4. El sistema está roto y la confianza en el futuro está seriamente cuestionada. La percepción generalizada de que la el sistema esta rotocomo reciente estudiar de Ipsos (en promedio, el 56% está de acuerdo en que la sociedad de su país está rota y el 57% está de acuerdo en que su país está en declive), es otra razón que ayuda a explicar la caída de las expectativas en relación con el papel de las instituciones, lo que genera cada vez más sospechas y desconfianza. Así, la crisis de la democracia es un problema de confianza y también de expectativas. La confianza, como lo destaca un Informe del BID reciente, es clave para la cohesión y el crecimiento y, a pesar de su relevancia, es uno de los problemas que menos se está abordando. “La desconfianza reduce el crecimiento y la innovación: la inversión, el espíritu empresarial y los empleos florecen cuando las empresas y el gobierno, los trabajadores y los empleadores, los bancos y los prestatarios, y los consumidores y productores confían entre sí”.
5. El yo como refugio ante la incertidumbre. A estas razones hay que sumar la individualización de la sociedad (nueve de cada diez latinoamericanos dice no confiar en los demás). Crece en la región la convicción de que, frente a los límites cohesivos y las garantías de progreso y estabilidad que debe asegurar el Estado, la mejor opción personal para transitar hacia el futuro es el individualismo presentista.
¿Hay alguna alternativa?
La política democrática enfrenta un desafío difícil. Recuperar esa empatía y confianza en el común, mejorar las perspectivas de futuro y combatir una negatividad que, para algunos sectores, es electoralmente más rentable es un objetivo central. La tentación de los atajos populistas y autoritarios encuentra un caldo de cultivo peligroso.
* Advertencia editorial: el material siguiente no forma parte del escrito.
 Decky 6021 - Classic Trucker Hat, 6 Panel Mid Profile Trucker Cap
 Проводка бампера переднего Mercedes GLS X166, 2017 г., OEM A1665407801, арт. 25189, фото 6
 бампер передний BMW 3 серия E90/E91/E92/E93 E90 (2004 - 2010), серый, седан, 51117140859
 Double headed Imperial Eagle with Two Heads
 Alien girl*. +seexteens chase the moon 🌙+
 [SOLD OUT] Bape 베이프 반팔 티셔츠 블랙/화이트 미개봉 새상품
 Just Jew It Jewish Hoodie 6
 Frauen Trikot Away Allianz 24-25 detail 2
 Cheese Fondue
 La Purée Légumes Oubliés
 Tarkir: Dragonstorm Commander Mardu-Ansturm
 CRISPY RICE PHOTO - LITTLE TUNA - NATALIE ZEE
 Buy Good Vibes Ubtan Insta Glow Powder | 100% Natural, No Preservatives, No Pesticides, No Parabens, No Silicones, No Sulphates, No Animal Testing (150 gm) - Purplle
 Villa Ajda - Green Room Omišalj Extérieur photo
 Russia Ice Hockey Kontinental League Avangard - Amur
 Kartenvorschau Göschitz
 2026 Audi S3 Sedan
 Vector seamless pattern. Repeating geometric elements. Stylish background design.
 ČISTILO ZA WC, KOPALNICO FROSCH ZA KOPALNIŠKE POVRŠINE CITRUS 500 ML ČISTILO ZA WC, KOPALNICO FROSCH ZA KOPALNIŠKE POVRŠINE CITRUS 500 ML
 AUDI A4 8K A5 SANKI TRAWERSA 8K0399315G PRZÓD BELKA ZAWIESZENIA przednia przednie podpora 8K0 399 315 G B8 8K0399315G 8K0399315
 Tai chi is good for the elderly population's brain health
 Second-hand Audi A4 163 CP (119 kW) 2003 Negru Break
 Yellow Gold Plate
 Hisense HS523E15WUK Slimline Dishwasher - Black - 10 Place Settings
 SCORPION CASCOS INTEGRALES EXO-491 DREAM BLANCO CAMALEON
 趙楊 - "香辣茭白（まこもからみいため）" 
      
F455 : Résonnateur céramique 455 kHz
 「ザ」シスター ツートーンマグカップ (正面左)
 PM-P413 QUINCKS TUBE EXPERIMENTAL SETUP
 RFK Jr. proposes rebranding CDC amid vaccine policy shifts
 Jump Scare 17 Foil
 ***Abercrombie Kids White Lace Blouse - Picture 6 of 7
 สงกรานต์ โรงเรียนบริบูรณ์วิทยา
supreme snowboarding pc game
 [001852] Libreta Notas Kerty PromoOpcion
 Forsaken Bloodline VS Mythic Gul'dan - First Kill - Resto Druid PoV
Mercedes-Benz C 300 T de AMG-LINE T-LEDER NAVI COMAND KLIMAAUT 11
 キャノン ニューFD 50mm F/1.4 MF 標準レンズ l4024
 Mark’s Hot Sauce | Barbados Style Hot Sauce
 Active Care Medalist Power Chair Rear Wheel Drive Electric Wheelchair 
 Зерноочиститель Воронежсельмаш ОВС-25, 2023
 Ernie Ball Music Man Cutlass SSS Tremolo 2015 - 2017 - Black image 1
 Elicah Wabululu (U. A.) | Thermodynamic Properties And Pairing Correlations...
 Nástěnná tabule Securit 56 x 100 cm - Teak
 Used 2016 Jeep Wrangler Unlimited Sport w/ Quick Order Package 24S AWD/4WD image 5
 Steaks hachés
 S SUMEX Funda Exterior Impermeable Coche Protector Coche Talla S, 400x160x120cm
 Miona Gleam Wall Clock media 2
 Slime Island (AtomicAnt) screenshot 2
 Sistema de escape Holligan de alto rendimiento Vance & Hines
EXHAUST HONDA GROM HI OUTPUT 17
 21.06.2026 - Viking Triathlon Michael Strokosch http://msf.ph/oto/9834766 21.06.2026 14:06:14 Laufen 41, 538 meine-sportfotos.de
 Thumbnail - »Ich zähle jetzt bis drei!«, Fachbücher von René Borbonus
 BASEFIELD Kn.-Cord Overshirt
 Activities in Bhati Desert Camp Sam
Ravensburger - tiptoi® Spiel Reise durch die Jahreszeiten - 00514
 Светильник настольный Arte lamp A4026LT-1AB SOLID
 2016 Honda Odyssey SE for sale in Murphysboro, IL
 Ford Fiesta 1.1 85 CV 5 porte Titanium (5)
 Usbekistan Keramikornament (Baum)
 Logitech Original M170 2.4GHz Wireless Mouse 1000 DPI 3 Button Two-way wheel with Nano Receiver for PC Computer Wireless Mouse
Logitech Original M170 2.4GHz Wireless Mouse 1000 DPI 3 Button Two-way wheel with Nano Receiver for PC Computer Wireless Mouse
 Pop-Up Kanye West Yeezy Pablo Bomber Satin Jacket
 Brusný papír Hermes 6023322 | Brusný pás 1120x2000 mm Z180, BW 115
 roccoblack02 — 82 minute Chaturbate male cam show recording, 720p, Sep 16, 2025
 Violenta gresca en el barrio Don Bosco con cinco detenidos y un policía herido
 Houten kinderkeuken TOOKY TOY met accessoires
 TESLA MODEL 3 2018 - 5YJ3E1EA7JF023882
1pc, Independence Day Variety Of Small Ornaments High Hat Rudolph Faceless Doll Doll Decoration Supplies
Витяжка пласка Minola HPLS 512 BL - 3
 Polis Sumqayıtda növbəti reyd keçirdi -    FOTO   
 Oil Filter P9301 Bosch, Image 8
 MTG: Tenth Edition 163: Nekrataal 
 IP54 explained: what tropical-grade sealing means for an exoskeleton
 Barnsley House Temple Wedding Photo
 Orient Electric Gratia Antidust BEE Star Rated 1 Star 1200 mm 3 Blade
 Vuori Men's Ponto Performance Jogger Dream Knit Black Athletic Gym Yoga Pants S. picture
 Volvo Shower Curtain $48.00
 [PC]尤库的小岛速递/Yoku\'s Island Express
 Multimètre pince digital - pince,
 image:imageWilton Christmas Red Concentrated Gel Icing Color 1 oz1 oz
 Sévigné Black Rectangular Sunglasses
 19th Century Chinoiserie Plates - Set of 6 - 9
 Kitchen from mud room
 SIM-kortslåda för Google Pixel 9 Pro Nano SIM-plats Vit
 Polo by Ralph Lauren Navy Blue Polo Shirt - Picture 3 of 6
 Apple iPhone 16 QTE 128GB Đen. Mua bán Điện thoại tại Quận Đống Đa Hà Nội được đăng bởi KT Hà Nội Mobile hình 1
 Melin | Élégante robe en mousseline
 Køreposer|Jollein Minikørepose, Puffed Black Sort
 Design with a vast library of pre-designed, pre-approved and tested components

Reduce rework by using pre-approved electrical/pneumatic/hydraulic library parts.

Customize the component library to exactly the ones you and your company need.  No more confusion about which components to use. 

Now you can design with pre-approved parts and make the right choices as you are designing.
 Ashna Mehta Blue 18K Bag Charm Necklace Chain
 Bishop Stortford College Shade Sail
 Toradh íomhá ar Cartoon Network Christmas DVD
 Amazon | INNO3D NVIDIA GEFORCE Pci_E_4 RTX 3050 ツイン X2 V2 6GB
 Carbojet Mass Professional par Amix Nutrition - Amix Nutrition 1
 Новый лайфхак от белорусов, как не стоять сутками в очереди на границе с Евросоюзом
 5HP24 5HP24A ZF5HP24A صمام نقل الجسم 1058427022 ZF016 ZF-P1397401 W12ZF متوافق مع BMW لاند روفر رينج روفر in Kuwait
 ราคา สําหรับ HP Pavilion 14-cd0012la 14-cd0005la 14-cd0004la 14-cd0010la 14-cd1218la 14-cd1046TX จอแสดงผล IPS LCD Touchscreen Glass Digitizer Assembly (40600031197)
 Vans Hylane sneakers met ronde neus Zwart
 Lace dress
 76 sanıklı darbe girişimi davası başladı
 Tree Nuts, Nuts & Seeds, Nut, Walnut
Más allá de cuestiones identitarias o ideológicas, centrarnos en nosotros como motor de progreso y mejora, como estímulo y vía para reconectar con determinados valores, que se mantienen fuertes a nivel personal, debe ser el centro de cualquier hoja de ruta.
Jeremy Rifkin en su último libro La era de la resiliencia también habla de la transición a un nuevo tiempo, donde la empatía y la esperanza tienen cabida. La razón por la que cree que hay esperanza es que “en todos los desastres meteorológicos, las personas acuden al rescate de otras personas. Hasta cierto punto, el cambio climático nos está acercando por empatía”, señala.
El optimismo moviliza. Pesimismo también. Y las nuevas generaciones pueden inclinar la balanza. Reconocernos en causas transversales que requieren energía y convicciones y compartir espacios reales de acción y motivación puede ser un primer paso hacia un horizonte colectivo. Un itinerario donde la primera persona del plural es el mejor declive político y vuelve a tener sentido para la mayoría, generando orgullo y seguridad compartidos, y sentimiento de pertenencia. La tarea política democrática más trascendental sigue siendo la construcción, expansión y progreso colectivo de nosotros.